Complete step-by-step solution:

The diagram for the question is given below:

The equation of circle given is ${x^2} + {y^2} = {a^2}$

Let the point of contact of the tangent be (h, k).

The tangent at this point in the circle is given by:

$hx + hy = {a^2}$

Since this tangent passes through the point (x’, y’). We can write:

$hx' + hy' = {a^2}$

Also, the equation of the circle given is ${x^2} + {y^2} = {a^2}$and point (h, k) present on the circle. So, we have:

${h^2} + {k^2} = {a^2}$

Using these two equations we have:

${h^2} + {\left( {\dfrac{{{a^2} - hx'}}{{y'}}} \right)^2} = {a^2}$

On solving it further we get,

$ \Rightarrow y{'^2}{h^2} + {a^4} - 2{a^2}hx' + {h^2}x{'^2} = {a^2}y{'^2}$

$ \Rightarrow {h^2}(y{'^2} + x{'^2}) - 2{a^2}hx' + {a^4} - {a^2}y{'^2} = 0$

We know that the chord will only subtend 90 degree if the chord itself is the diameter.

We know the equation of circle having its diametric ends at the two points of contacts can be written as,

$(x - {h_1})(x - {h_2}) + (y - {k_1})(y - {k_2}) = 0$

$ \Rightarrow {x^2} - x({h_1} + {h_2}) + {h_1}{h_2} + {y^2} - y({k_1} + {k_2}) + {k_1}{k_2} = 0$

Since the chord of contact is the diameter, the circle passes through the origin .

So, we have:

${h_1}{h_2} + {k_1}{k_2} = 0$

On putting the value of${k_1}{k_2}$ in the above equation we get,

${h_1}{h_2} + \dfrac{{({a^2} - {h_1}x')({a^2} - {h_2}x')}}{{y{'^2}}} = 0$

Then solving it further we get,

$ \Rightarrow {h_1}{h_2}y{'^2} + {a^4} - {a^2}x'({h_1} + {h_2}) + {h_1}{h_2}x{'^2} = 0$

\[ \Rightarrow \left( {x{'^2} + y{'^2}} \right) \times \dfrac{{{a^4} - {a^2}y{'^2}}}{{x{'^2} + y{'^2}}} + {a^4} - {a^2}x{'^2} \times \left( {\dfrac{{2{a^2}x'}}{{x{'^2} + y{'^2}}}} \right) = 0\]

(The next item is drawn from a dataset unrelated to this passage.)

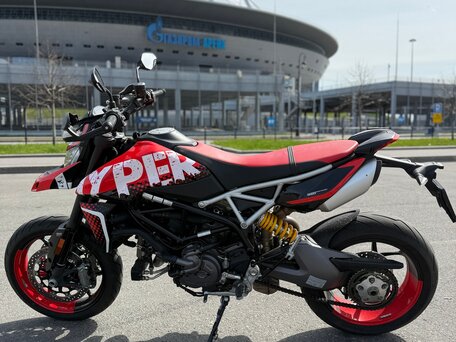 2022 Ducati Hypermotard, красный, 1499000 рублей, вид 4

$ \Rightarrow {a^4} - {a^2}y{'^2} + {a^4} - \left( {\dfrac{{2{a^4}x{'^2}}}{{x{'^2} + y{'^2}}}} \right) = 0$

\[ \Rightarrow (2{a^4} - {a^2}y{'^2})(x{'^2} + y{'^2}) - 2{a^4}x{'^2} = 0\]

On further solving we have:

\[ \Rightarrow 2{a^4}y{'^2} - {a^2}x{'^2}y{'^2} - {a^4}y{'^2} = 0\]

\[ \Rightarrow 2{a^2} - x{'^2} - y{'^2} = 0\]

After transposing we get,

\[ \Rightarrow x{'^2} + y{'^2} = 2{a^2}\]

This is the required condition we need to find.

Note: In this type of question, you should know to write the equation of the tangent at a point on the circle. In this particular question, the four points i.e. the two points of contact of tangents, the point (x’, y’), and the center will form a square with side length ‘a’.